Overall an awesome article!

blndrt · 6 months ago
Thank you!

Great point. Indeed my methodology was to treat the prompt refactoring as one-off task, therefore I didn't care much about cost/latency.

As for having GPT-5-mini do the rewriting — that’s a really interesting idea. I think the biggest challenge is avoiding cognitive overload. The Tau² agent policies are pretty complex: it’s easy to grasp the overall task, but the detailed rules for each user case aren’t always obvious.

I'm not sure if how easy it is to actually overload GPT-5-mini, so that's definitely worth exploring.
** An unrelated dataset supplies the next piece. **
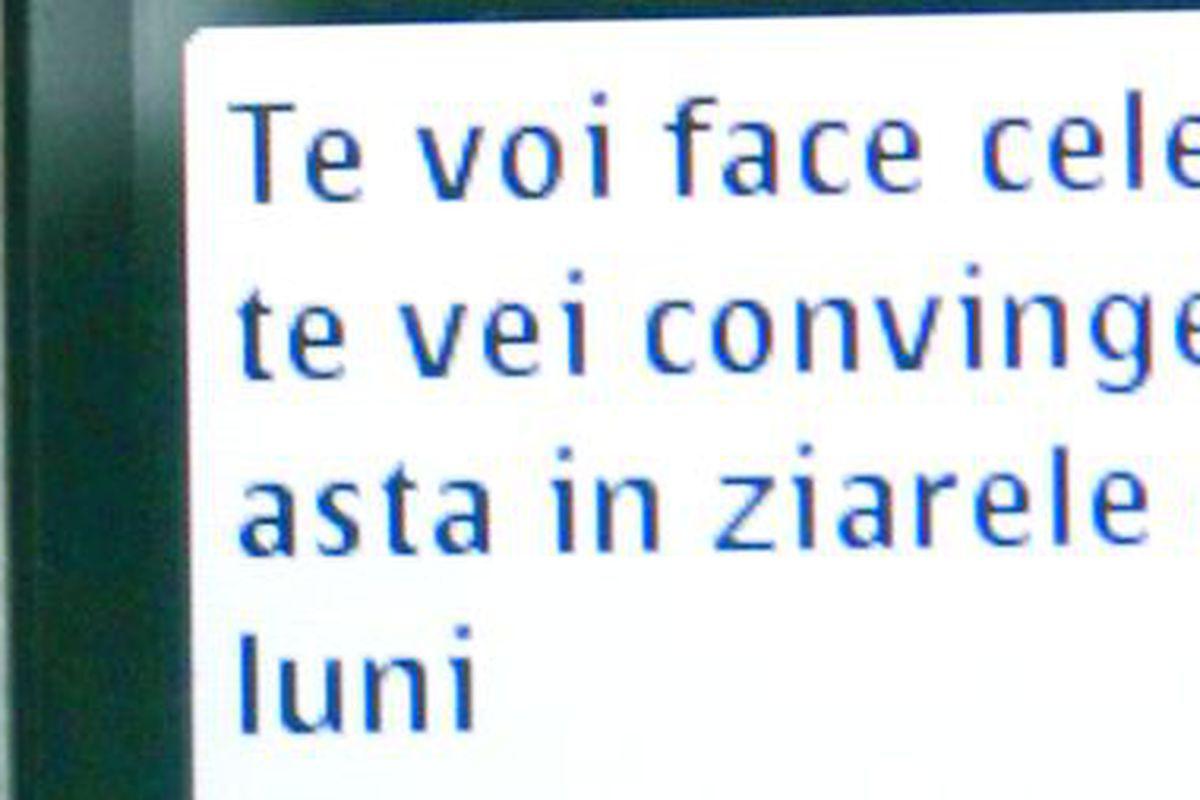 Sms Ul Noul Bilet De Adio Al Sinucigasilor Stiri Libertatea Libertatea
sublimefire · 6 months ago
My experience as well.

Prompt changes affect output substantially (just look up arxiv), the difficult part is find an optimal structure to yield the best results. It is a bit expensive to do a lot of testing on your own, so it all boils down to feels and experience at the moment. Then you mix up tool calls, other agent calls, client functions and this gets terribly hard to evaluate.

I am still puzzled how distance between policies can have an effect on the output. And how a simple retry fixes everything.

thesehands · 6 months ago
This is very much what dspy aims to address. Learning the incantations necessary to prompt well can be replaced by an algorithmic loop and example labelled cases.